Hat was zu sagen: Udo Jürgens Foto: Carola AlgeHat was zu sagen: Udo Jürgens Foto: Carola Alge

Osnabrück.Ein bisschen war Udo Jürgens auch Rocker und Revoluzzer. Trotzdem ist er immer brav geblieben, auch wenn er mal böse war - wie in seinem Schlager „In diesem ehrenwerten Haus“.

dö Osnabrück. Das Klavier-Intro könnte einen Song von Udo Lindenberg einleiten oder von den Rolling Stones. Auch die Töne, die der Mann am Klavier zum kernigen Bluesrock-Groove singt, passen: Das sind die dreckigen Bluestöne, die irgendwo zwischen den schwarzen und weißen Tasten des Klaviers liegen. Und der Mann singt mit Recht so, denn er hat den Blues: Die Hausgemeinschaft hat ihm mitgeteilt, dass er raus muss, er und seine Lebensgefährtin: Eine wilde Ehe passe nicht „in dieses ehrenwerte Haus“. Uuhuhuu!
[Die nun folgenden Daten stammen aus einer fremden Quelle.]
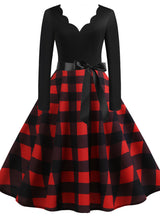 Women V-Neck Print Long Sleeves Dress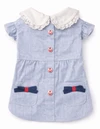 Light Blue Pet Dress for Small Dogs & Cats – Lace Collar Outfit with Buttons & Pocket Bows (Size: S)
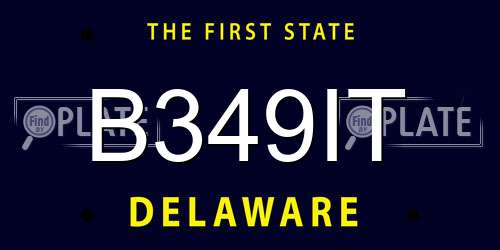B349IT Delaware License Plate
Udo Jürgens, das war immer der Schlagersänger, der so tat, als würde er tief schürfen, der Angepasst-Unangepasste. Kurz nachdem er vom ehrenwerten Haus gesungen hatte, ging es auf den Straßen so richtig los: Brokdorf, Wackersdorf , Startbahn West. Nicht zu vergessen: Hafenstraße! Der Protest der Straßenlinken richtete sich gegen ganz ähnliche Missstände: Rassismus und Denunziantentum, Spießbürgerlichkeit, Doppelmoral. Doch Udo Jürgens war kein punkiger Straßenköder, sondern blieb immer der Schoßhund, der zwischendurch mal ein bisschen bellte, aber nie wirklich schmerzhaft zubiss. Immerhin: Er hat dem deutschen Schlager ein bisschen kritischen Geist eingehaucht.